Mr. Roy: I might just make this comment, Mr. Chairman, to the minister. I am told in Ottawa there are only six of the force of 586, in fact, who are women and they have been there for quite some time. Chief Seguin is a nice fellow, a good fellow. I get along well with him. But he is a former football player and I think he dates from the days when the only fellows who were on the fire department and the Ottawa police force were either the hockey players or the football players.

Hon. Mr. MacBeth: That kind of discrimination.

Mr. Roy: It was a tough go for him. I’m surprised he didn’t put a weight requirement in there and say that the guy had to weigh 225 pounds. In any event, I think that you and I, Mr. Minister, can work together on this. Obviously that has got to be changed because it is certainly discriminatory.

Mrs. Campbell: Mr. Chairman, I would apologize in advance if I am being repetitive. I’ve been pursuing other duties and missed some of the debate this evening in the House. I, too, wanted to speak to the matter of the community cop in Metropolitan Toronto, and I have to express the opinion that in my view it is one of the most backward steps which has been taken by the commission.
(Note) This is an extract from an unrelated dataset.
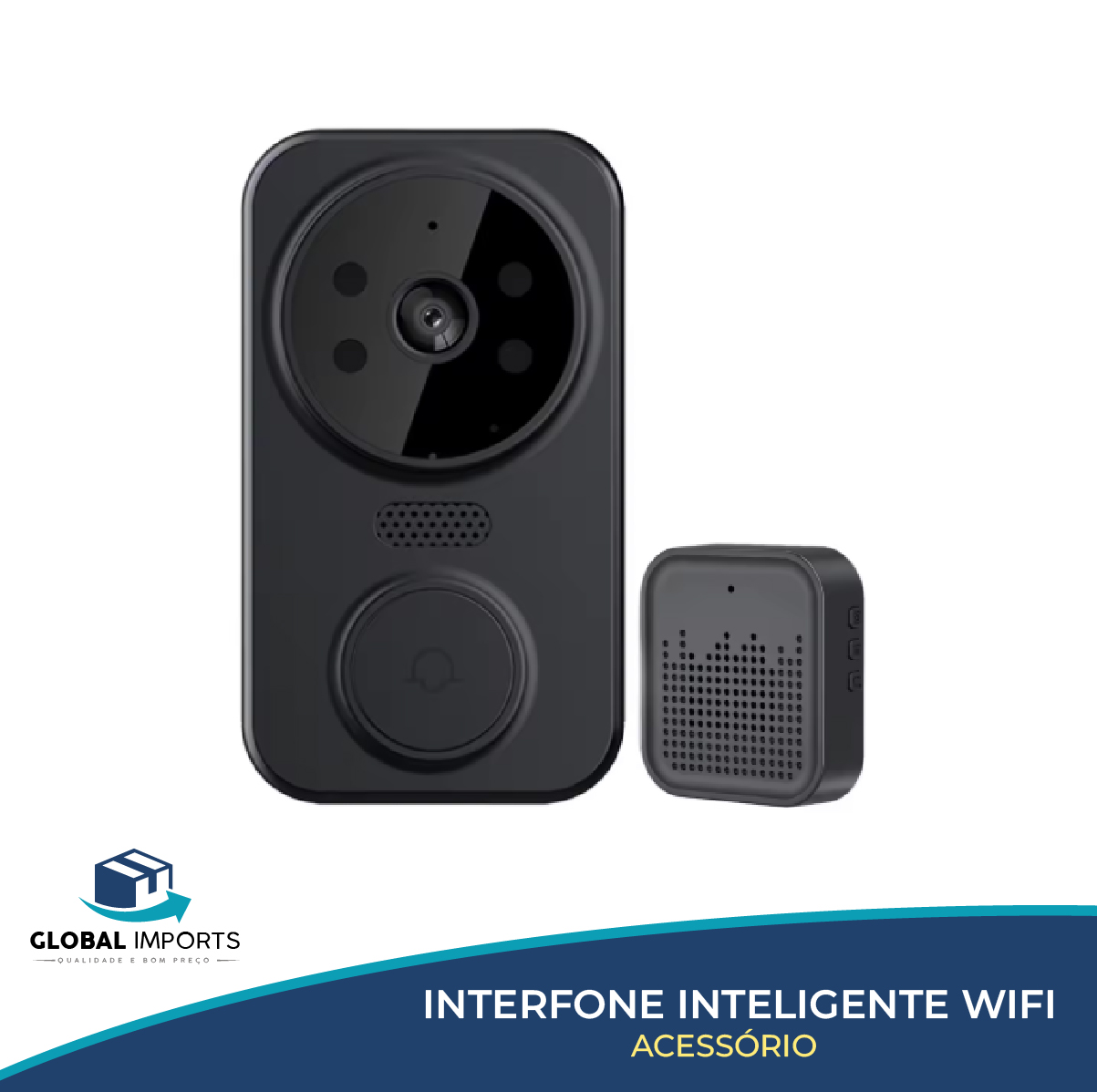 Campainha Wi-fi Inteligente Sem Fio Com Câmera De Segurança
Is the minister aware of the fact that this particular group is the group which has in the past and was proposing now to carry on seminars with the Human Rights Commission as a result of what is deemed to be an increasing violence in the racial tension in our community?
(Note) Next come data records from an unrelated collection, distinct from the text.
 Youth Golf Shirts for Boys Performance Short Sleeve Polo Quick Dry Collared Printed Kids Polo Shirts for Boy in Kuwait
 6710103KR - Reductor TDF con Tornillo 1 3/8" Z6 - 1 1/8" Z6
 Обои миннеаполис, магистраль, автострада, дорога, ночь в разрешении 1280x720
If he is not aware, I would hope that he would discuss the matter with the Human Rights Commission, because if there is anything we need in our community today, it’s people who have the expertise in human relationships, working with the community who can at least dissipate some of these problems for our cities. To think that this group would be the very group that is under the gun at the moment is totally incomprehensible to me if one is concerned with the broader issues in such a community as we have here.
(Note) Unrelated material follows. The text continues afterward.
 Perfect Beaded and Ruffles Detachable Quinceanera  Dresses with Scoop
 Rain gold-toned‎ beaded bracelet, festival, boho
I suppose the next people we will lose will be our cops who patrol beats, because we do have them in Toronto and I believe that the experiment has been singularly successful. We have them in certain areas of downtown Toronto and I would hate to see them go too, to see them all get back into cars and continue this somewhat difficult chore of trying to keep order from the cars.

I’m pleased that the question of women in the force has been raised. But while I thought Toronto was very much ahead of the rest of the communities in Canada -- and we have a magnificent woman in Fern Alexander in charge of the youth bureau which has been, as I see it, somewhat eroded -- with the community cop perhaps now being removed, the men on the force will renew their battle for extra wages because women in their opinion are not performing all of the functions which they perform. That has been an ongoing battle. Has it been resolved or are we still facing this from time to time?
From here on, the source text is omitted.